[[ Information open ]]

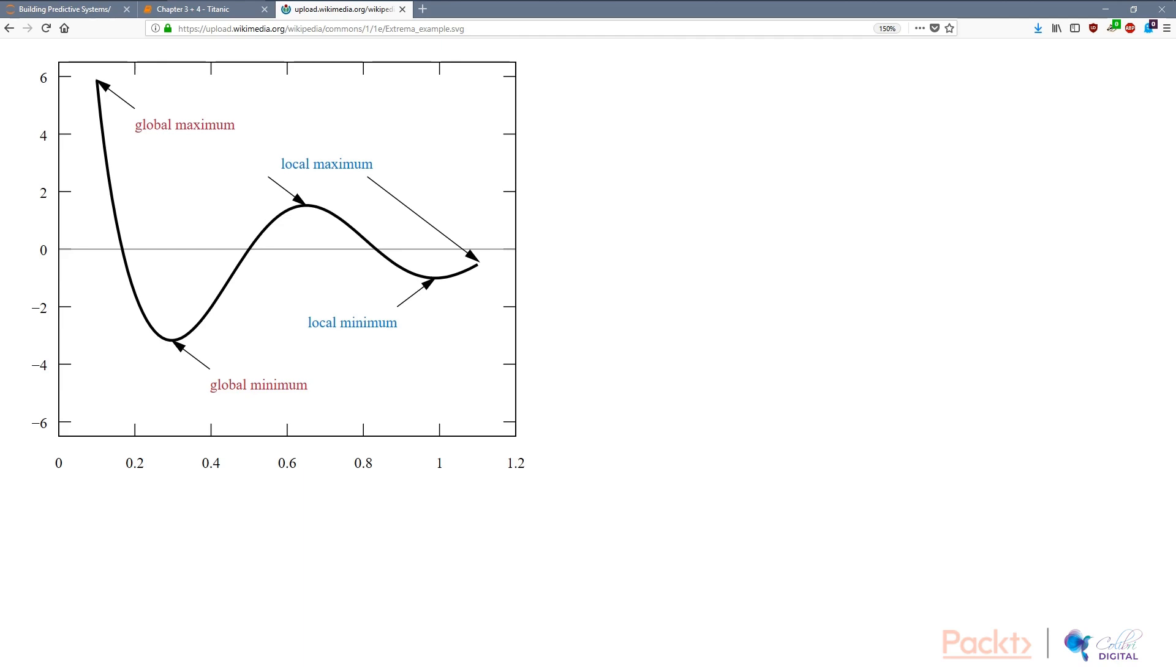And a global is the overall maximum or minimum. So how does this translate? It's like if you look at the black curve as illustrating the different errors that you're going to get with different hyperparameters.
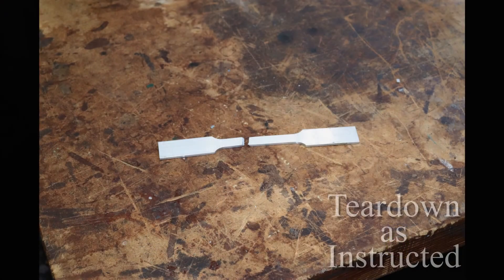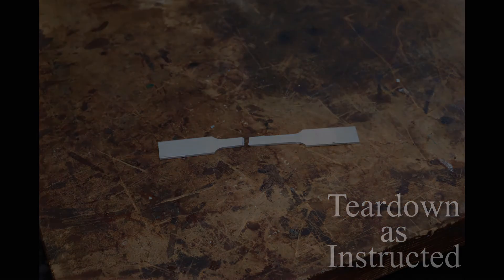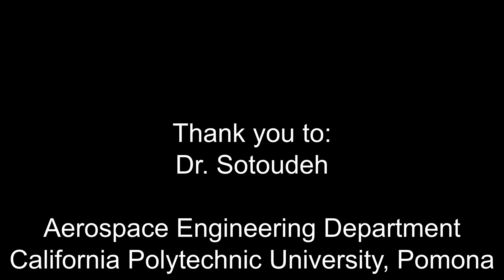Thank you for watching the tension tests using the Shimadzu. Tear down as your instructor requires.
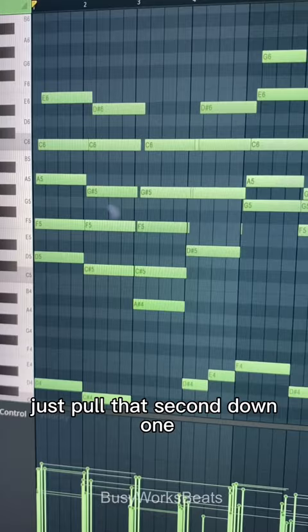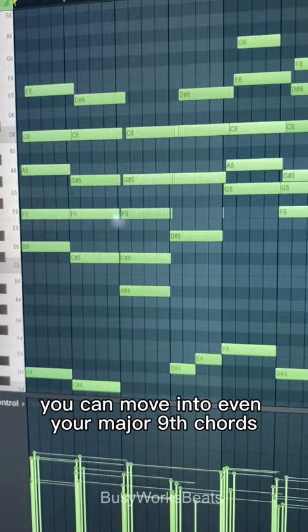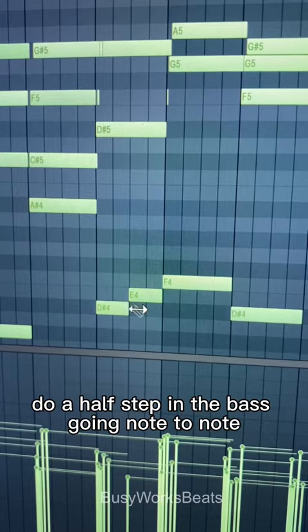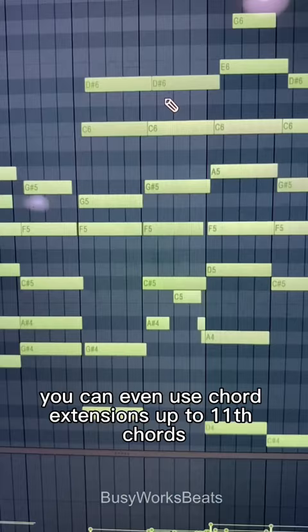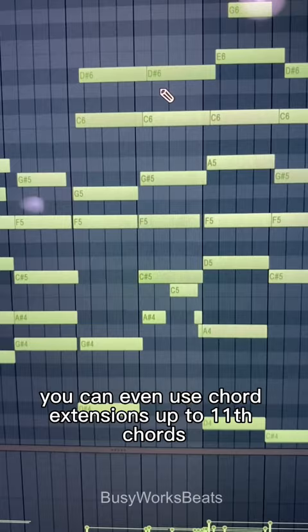Just pull that second down one. Some chord types you can experiment with are your minor ninth chords — you can move into even your major ninth chords. But if you really want a blues tone, as you're wrapping up your chord progression, do a half step in the bass going note to note. That's what creates that gospel-y blues sound. You can even use chord extensions up to 11th chords.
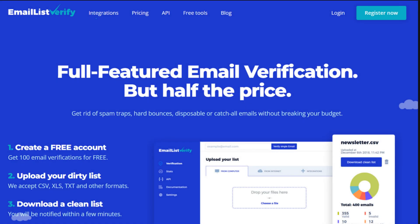Email List Verify is a robust email verification tool designed to help its users validate and clean up their email lists from fake, invalid, inactive, disposable, and temporary email addresses.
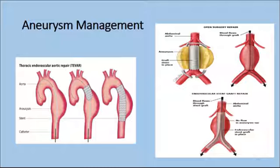Patient teaching includes preventing heavy lifting and recognizing the signs and symptoms of a rupture: changing abdominal fullness, back pain, chest pain, and shortness of breath.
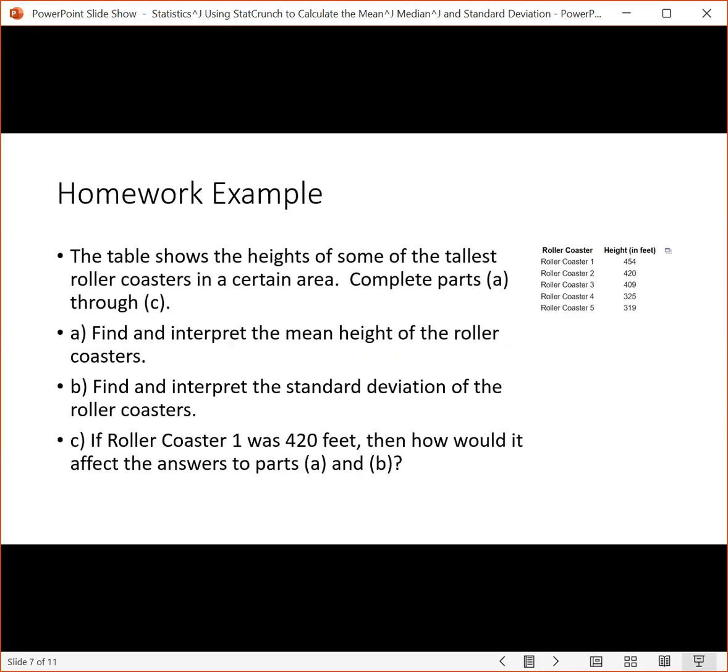Okay, let's go through and do a homework example that asks us to use this. The table contains the heights of some of the tallest roller coasters in a certain area that are listed here.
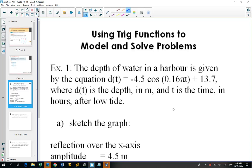Today's class we're going to be looking at applications — where can we use sine and cosine graphs to model real life situations?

[[ Information closed ]]

▶ About this task
Nothing but the lines from the top of the data above through the line containing "Thank you for" should be output, exactly as written and without the pictures.

▶ Response area
And a global is the overall maximum or minimum. So how does this translate? It's like if you look at the black curve as illustrating the different errors that you're going to get with different hyperparameters.
Thank you for watching the tension tests using the Shimadzu. Tear down as your instructor requires.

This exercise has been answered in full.